In recent years, antibody-drug conjugates (ADCs) have been widely sought after due to their excellent clinical performance and market returns. ADC drugs are composed of three parts: antibody, effector molecule (Payload, usually cytotoxic agent) and linker. Compared with traditional drugs, ADC drugs have obvious advantages in improving targeting and reducing side effects.
1. Global ADC listing and research status
As of April 2, 2021, there are 432 ADC drugs under development worldwide. Most of them are in the pre-clinical stage, and 108 products are in the clinical stage. Since the first ADC product Mylotarg (gemtuzumab ozogamicin) was launched in 2000, a total of 11 ADC products have been approved for launch worldwide.
2. Treatment field and target
In the field of treatment, the main research and development direction of ADC drugs is concentrated in the field of anti-tumor. There are few competitors in the rest of the treatment field, but there are many potential products. ABBV-3373, which is being developed by AbbVie, is an ADC drug composed of adalimumab and glucocorticoid receptor modulator (GRM) for the potential treatment of rheumatoid arthritis (RA). According to its Phase III experimental data released in June 2020, compared with adalimumab, ABBV-3373 could bring a more significant improvement in the DAS28 CRP score in the 12th week, and its safety is similar to the known safety of adalimumab. In terms of target selection, it is similar to the drugs already on the market. At present, the target distribution of products under research in the world is relatively scattered, and only Her2, EGFR, CD-19, TROP-2 and other targets competing fiercely.
3. Photoimmune ADC
In terms of effector molecules, ADC drugs currently on the market and under development mostly choose Auristatins (such as MMAE, MMAF), maytansine (such as DM1, DM4), calicheamicin and other cytotoxins as their effector molecules. There are also pharmaceutical companies that have begun to carry out research and development of “unconventional” effectors. Among them, in September 2020, the world's first photoimmunotherapy ADC drug cetuximab sarotalocan developed by Rakuten Medical was approved for marketing, which opened the way for the subsequent development of photoimmune ADC drugs.
Near-infrared photoimmunotherapy (NIR-PIT) is a molecularly targeted light therapy for cancer. The therapy is mainly composed of monoclonal antibodies (mAb) directed against the antigen expressed on the surface of cancer cells and a near-infrared light-absorbing dye (IR700) that has cell-killing properties.
Traditional immunotherapies, such as immune-activating cytokine therapy, checkpoint inhibition, engineered T-cells, etc., do not directly destroy cancer cells, but completely depend on activating the immune system. NIR-PIT can selectively destroy cancer cells while activating the body's immune response.
After the antibody drug binds to the tumor surface antigen, under near-infrared light stimulation, IR700 undergoes a light-induced ligand release reaction, releasing hydrophilic side chains, resulting in a significant increase in the hydrophobicity of the remaining part. It then destroys the cell membrane and triggers rapid and highly selective immunogenic cell death (ICD) targeted to cancer cells. While directly killing cancer cells, ICD induced by NIR-PIT can cause immature dendritic cells adjacent to dead cancer cells to mature rapidly, initiate host anti-cancer immune response, promote the re-formation of CD8-positive T cells against antigens released by dead cancer cells, and further magnify the therapeutic effect of NIR-PIT.

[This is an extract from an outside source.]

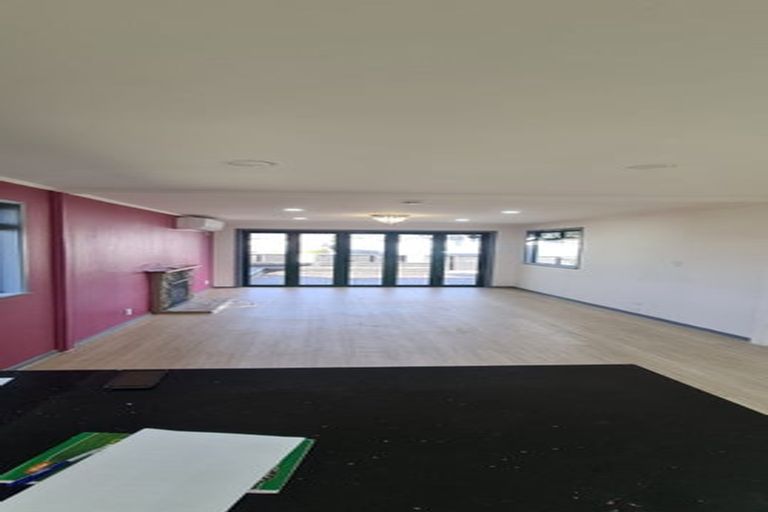 Photo of property in 10 Romney Place, Manurewa, Auckland, 2102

Cetuximab sarotalocan is the first product of photoimmune ADC, which is formed by linking water-soluble silicon phthalocyanine derivative IRDye700DX and cetuximab. After 24 hours of administration, the drug specifically aggregated on the surface of EGFR-positive tumor cells, and then irradiates the tumor site with 690nm wavelength near-infrared light to induce Cetuximab sarotalocan to kill cancer cells and activate the immune response. The phase III clinical trial (LUZERA-301) of the drug for recurrent head and neck cancer was completed in December 2018.
In addition to Cetuximab sarotalocan, there are a total of five immunological ADC projects under research worldwide, all of which are in the pre-clinical or drug discovery stage, and all use IR700 as their effector molecule.
At present, the broad market prospects of ADC drugs have set off an upsurge in the research and development of related products worldwide. Although the number of products on the market is small, the products in the research phase have already experienced a certain degree of target crowding and duplication of effector molecules. As the “unpopular track” in the ADC field, photoimmune ADCs still need time to test their clinical and market prospects. However, the development of new targets and new light-activated effect molecules based on related principles may become a new breakthrough point in the ADC track.